Wilson also speaks to students across the country on entrepreneurship and philanthropy as a result, he says, of his exposure on Dragons’ Den.

“I’ve had my own career quite separate from Dragons’ Den,” he said during his address last week. “In fact, in many ways Dragons’ Den is a small part of who I am, but it’s a very big part of the personality, and certainly my profile gives me a platform to come to literally tens and tens of thousands of students across the country, and I have the privilege of speaking on campuses and colleges across the country.”

On Dragons’ Den, Wilson made 60 deals, and closed 30 of them. His two most successful deals were based in Saskatchewan.

“In fact,” he said, “six of the 10 deals that are still alive were from Saskatchewan.”

The most successful deal was the first one he did on the show. He invested $200,000 in Rachel Mielke’s Regina jewelry business Hillberg & Berk, becoming one-third owner of a business that is now making millions.

Wilson was known as the “kind dragon,” and he outlined his introduction to the Dragons’ Den journey to his audience.
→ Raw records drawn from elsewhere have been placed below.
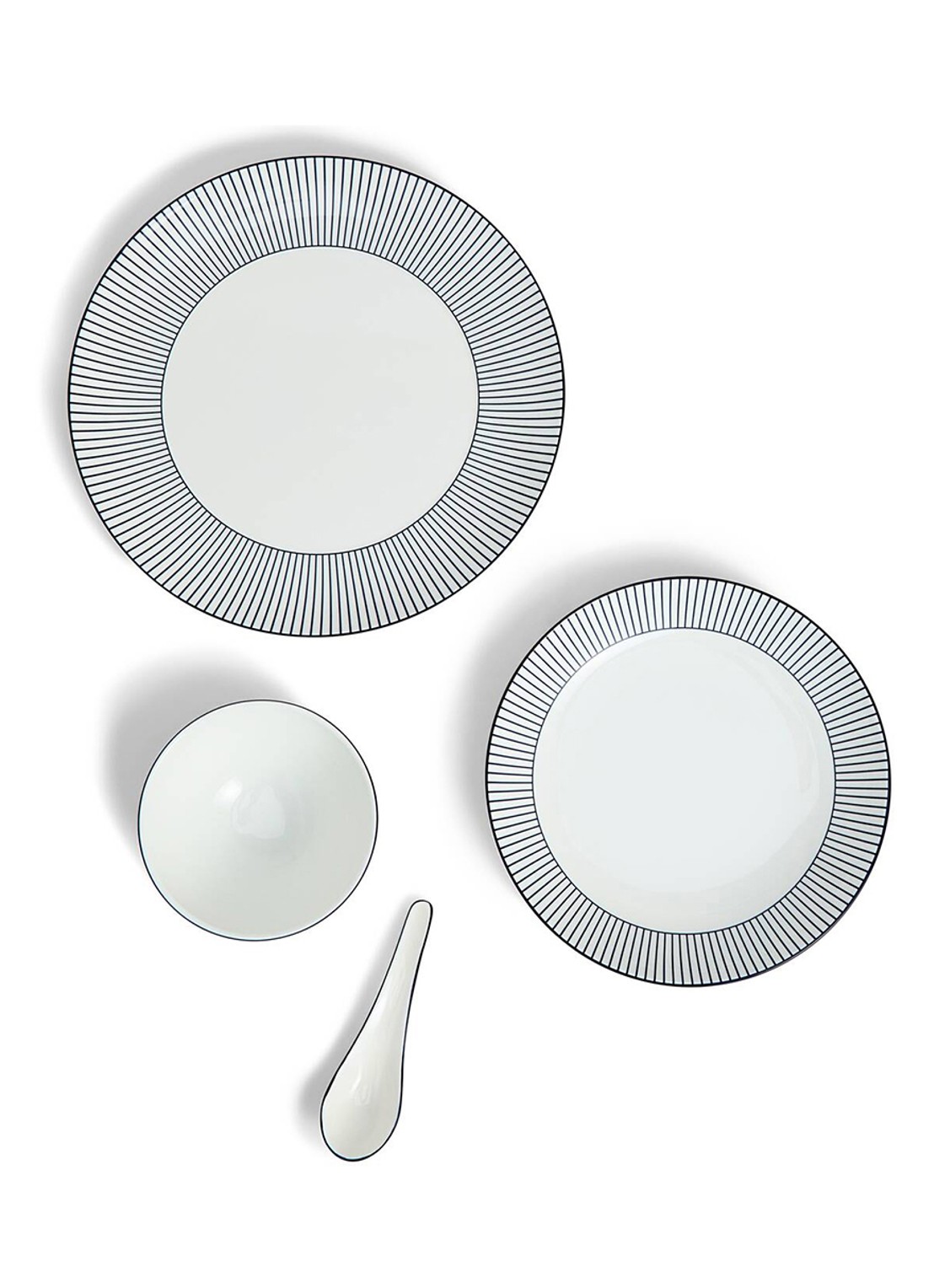 Wedgwood Gio serviesset 8-delig - detail 3 wit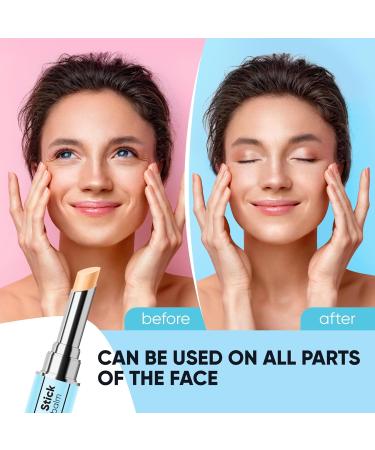 ESTETIST Retinol Eye Brightener Cream Stick - Dark Circle & Puffiness Relief | Vitamin C & E Hydrating Eye Balm for Anti-Aging - All Skin Types - Buy Online on GoSupps.com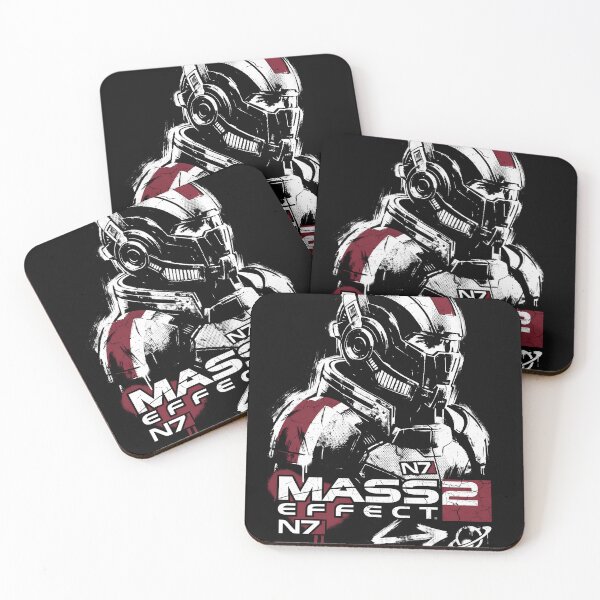 Item preview, Mass Effect Biotic Powerhouse Commander Shepard designed and sold by Senpaiwaves.
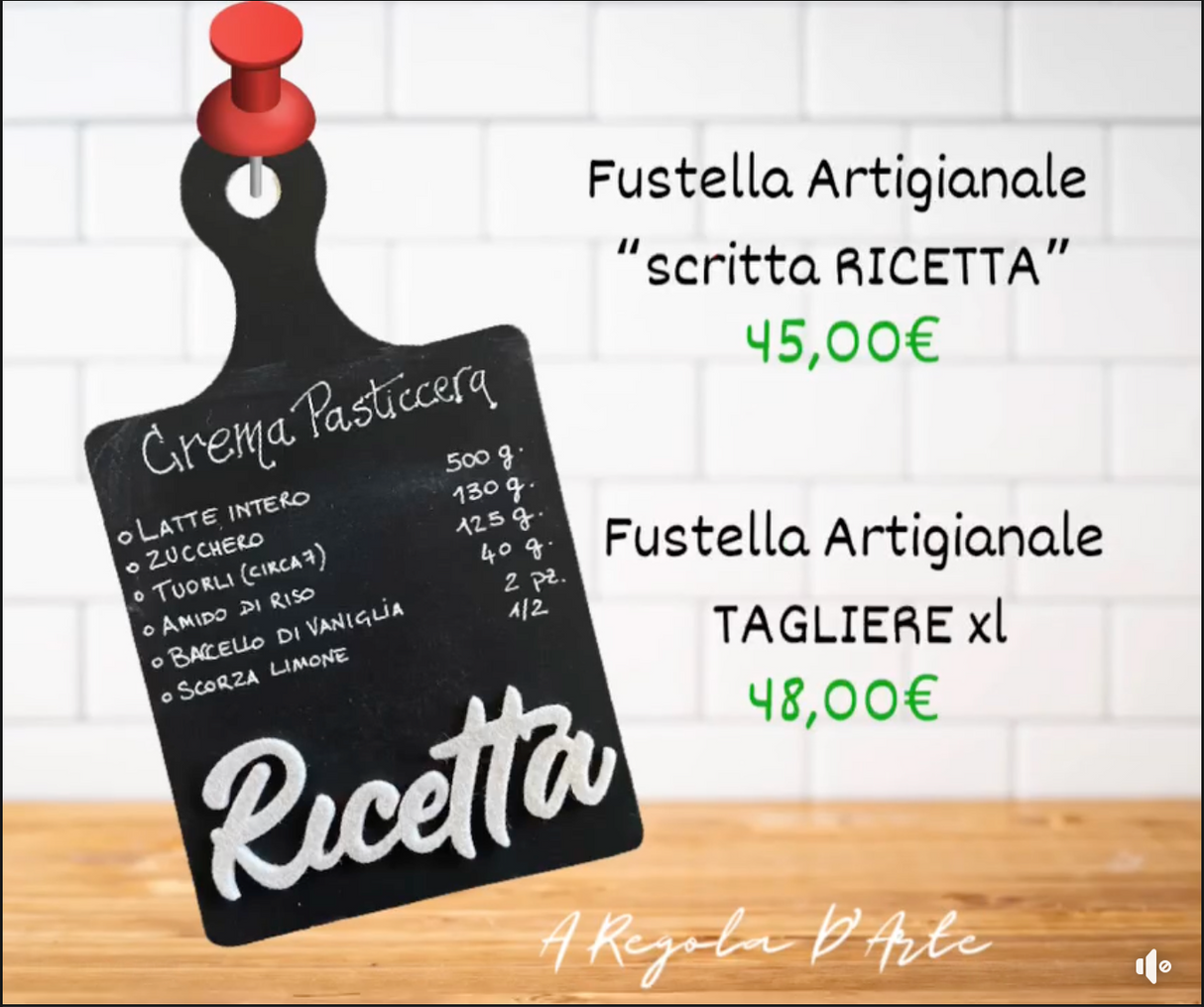 Fustella DOLCE TAGLIERE rettangolare con mover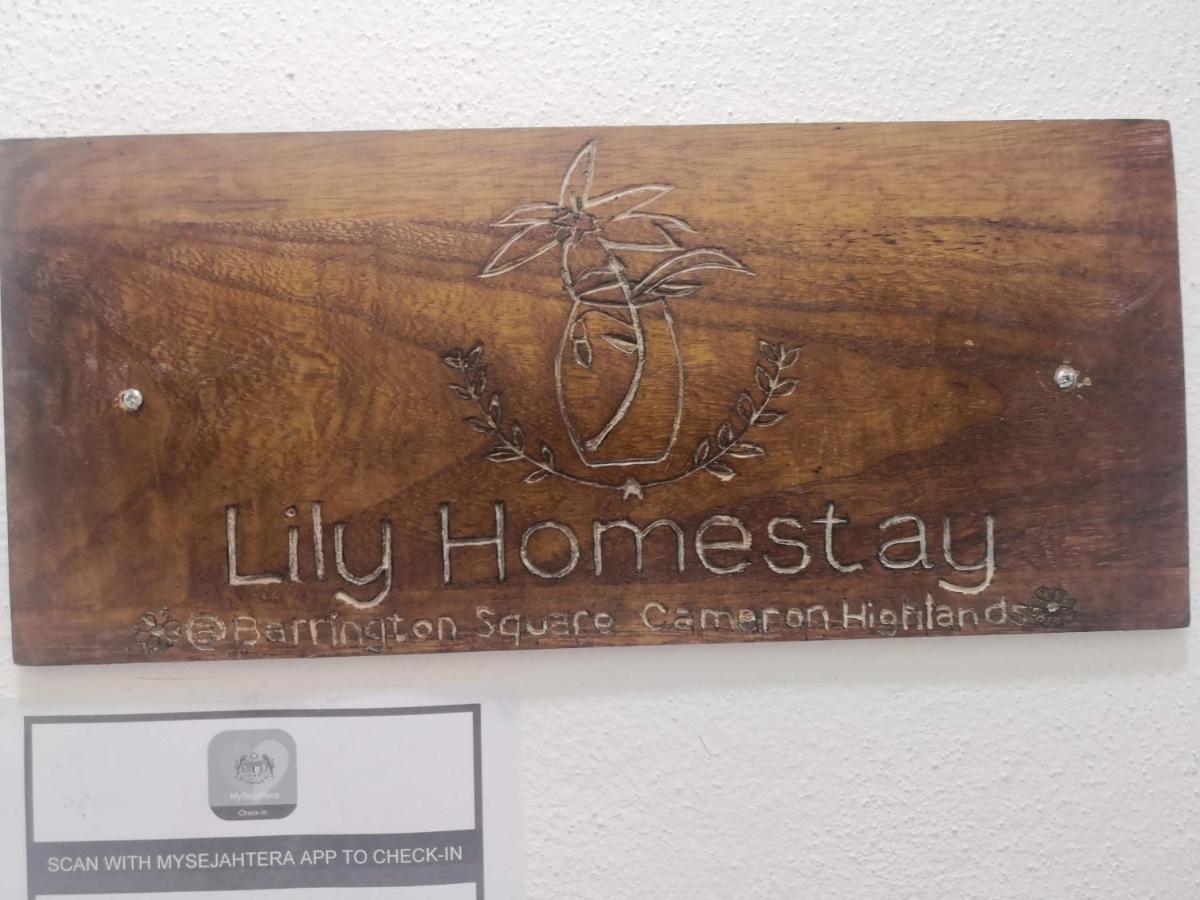 Lily Homestay Barrington Square Cameron Highlands. บรินชัง ภายนอก รูปภาพ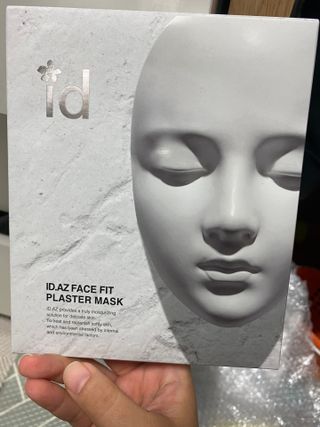 아이디플라코스메틱 페이스핏 플라스터 마스크 _ 리뉴얼 — 5점을 준 리뷰어가 2021년 5월 올린 사용 사진
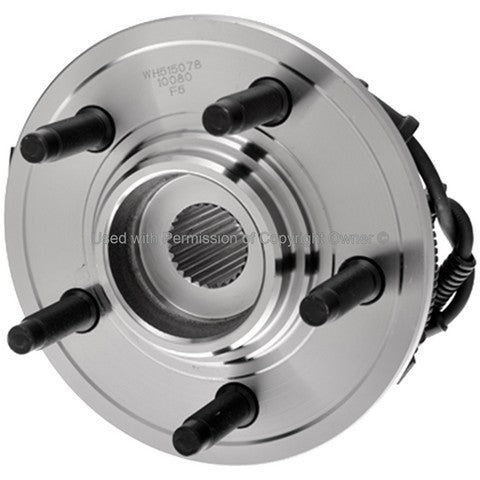 Quality-Built Wheel Bearing and Hub Assembly P/N:WH515078 Fits: Ford Explorer 10-06, Ford Explorer Sport Trac 10-07, Mercury Mountaineer 10-06 - Image 4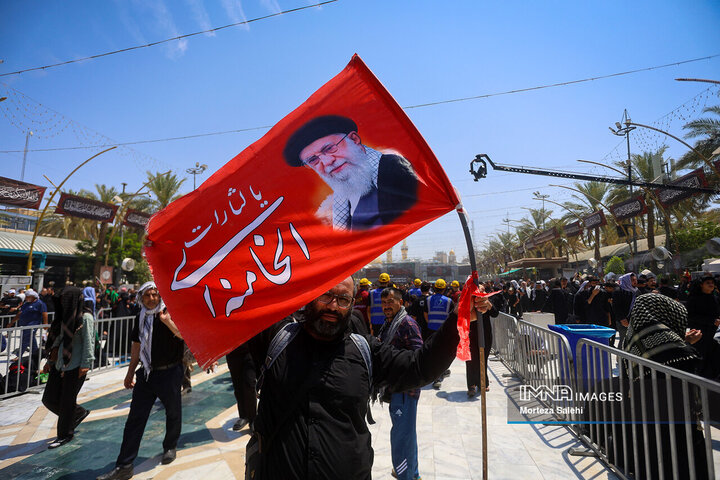 اربعین حسینی در کربلا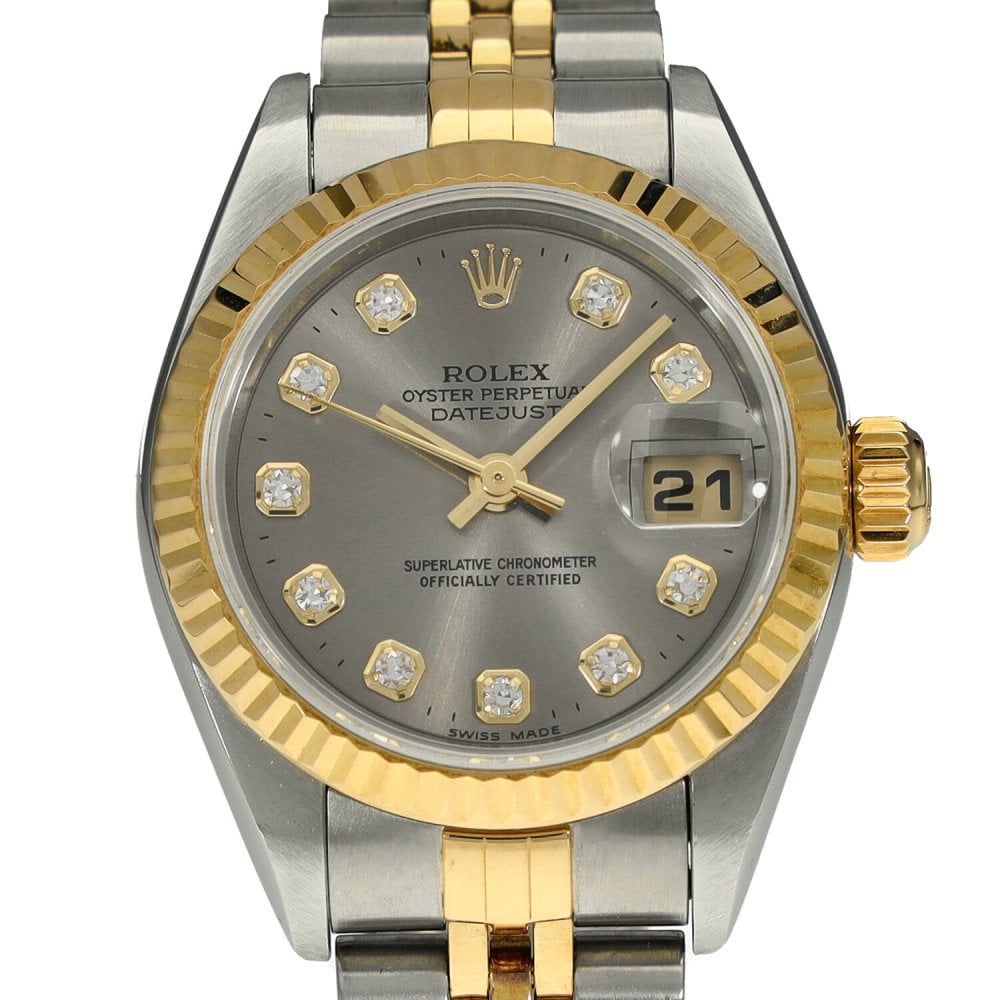 Datejust 79173 - Ladies Watch - Diamond Dial - 2001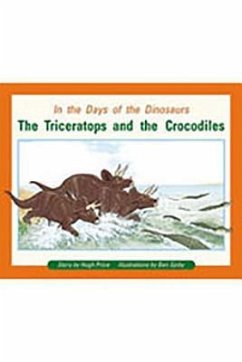 Cover In the Days of Dinosaurs: The Triceratops and the Crocodiles
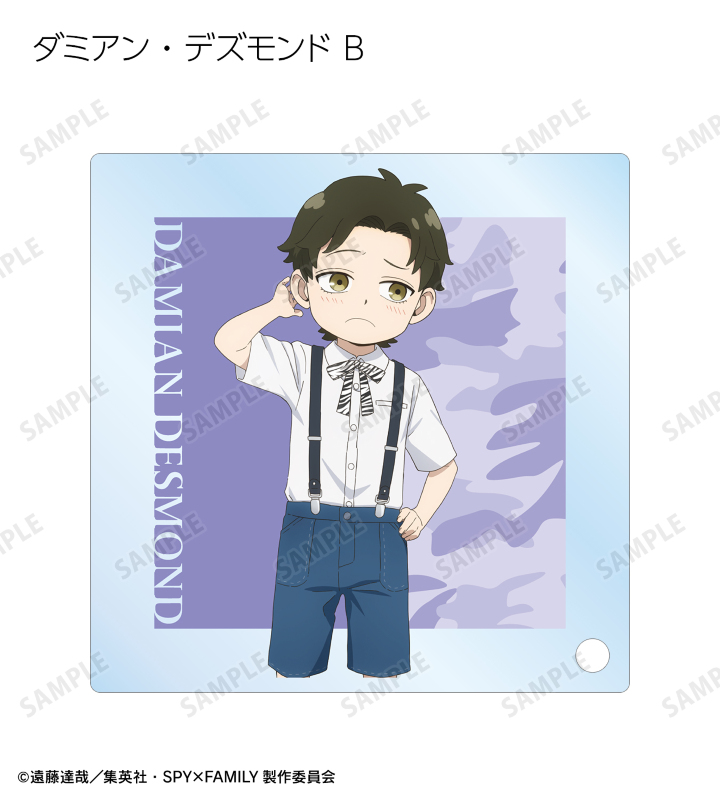 TVアニメ『SPY×FAMILY』 - 東武動物公園コラボ 描き下ろしイラスト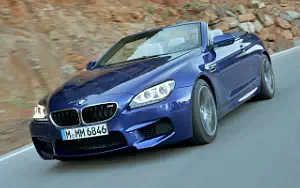   BMW M6 Convertible - 2012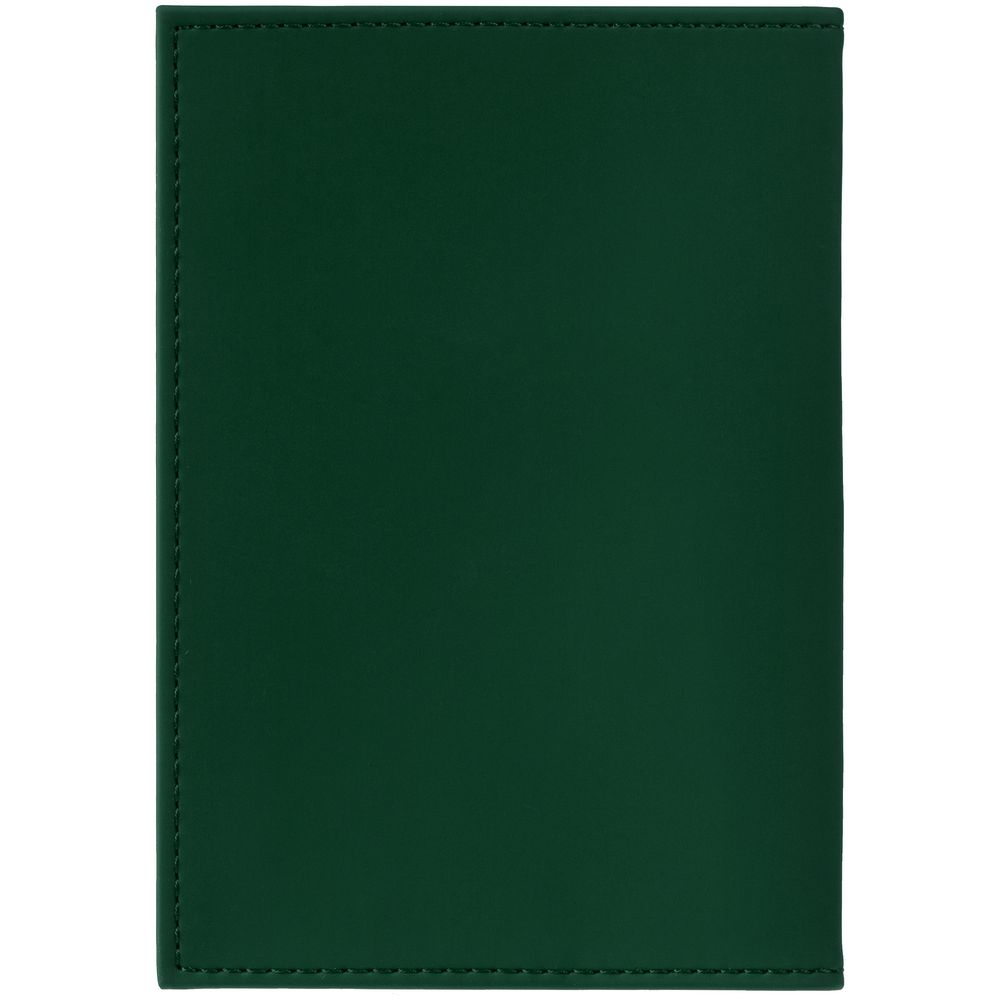 Обложка для паспорта Shall, зеленая (Миниатюра WWW (1000))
When he retired from active business with the investment bank, he started looking after his own investments, and he’d only been on his own for about a month when he got an email. A friend and business partner was the original female dragon, Jennifer Wood of Saskatoon, so he watched the show.

“My first thought was this is stupid. The comments are derogatory, there’re abusive, they are irrelevant, they make no sense at all. I watched one episode because my friend was on it and then walked away from the show.”

Later, his friend Wood was replaced by another, Arlene Dickenson.

“I thought let’s give it a try, maybe things are different. Unfortunately not. The show had no credibility for me, because, once again, same theatrical rudeness, same faux or pretend business commentary, the rudeness, it was all about making good television, but not much of it for me was about doing a deal. Not much of it was about business.”

Then he got an email asking if he would like to be the next dragon. He found he would.

“I wanted to get on the show because I had a background of actually getting deals done and the purpose of being on the show was to show people deals could be done.”

He went to Toronto to try out for the show.

“At the end of the day, there were two of us, and they toasted us both. But, of the two, they said I was better and they took me aside and said ... you’re not mean enough to be a dragon.”

He responded, “If television requires me to be a prick on this TV show, I’m not interested anyway. It’s not my nature, it’s not the way I go about doing business.”

Two months later he received another phone call from Dragons’ Den saying, “We’re still interested in you if you are still interested in us. But it’s down to you and one other person. Send us an email explaining why you should be a dragon.”

So he wrote up his list. Point number four stated, “It takes a combination of balls, brains and a wallet to do deals, and you appear to be somewhere short of all three on the show at this time.”

It resonated, he said.

“What it said to CBC was, ‘look, if you want someone to come on this show for the purpose of getting some real deals done, let me know, otherwise don’t bother me.’”

It got him on the show. And for three seasons he began out dealing everybody else.

“To put numbers to it, because it’s very public, in the 30 deals I did I invested $4.5 million. The other dragons, as best we can tell, have invested a few hundred thousand dollars,” he said.

Wilson said, “As a dragon, my intention was to make a portfolio of investments, celebrate the individual entrepreneurs, give them a shot at getting something done.”

It was about planting seeds.

“In my mind, one of the things that Dragons’ Den did beautifully was plant seeds.”

And that’s what Wilson has always tried to do.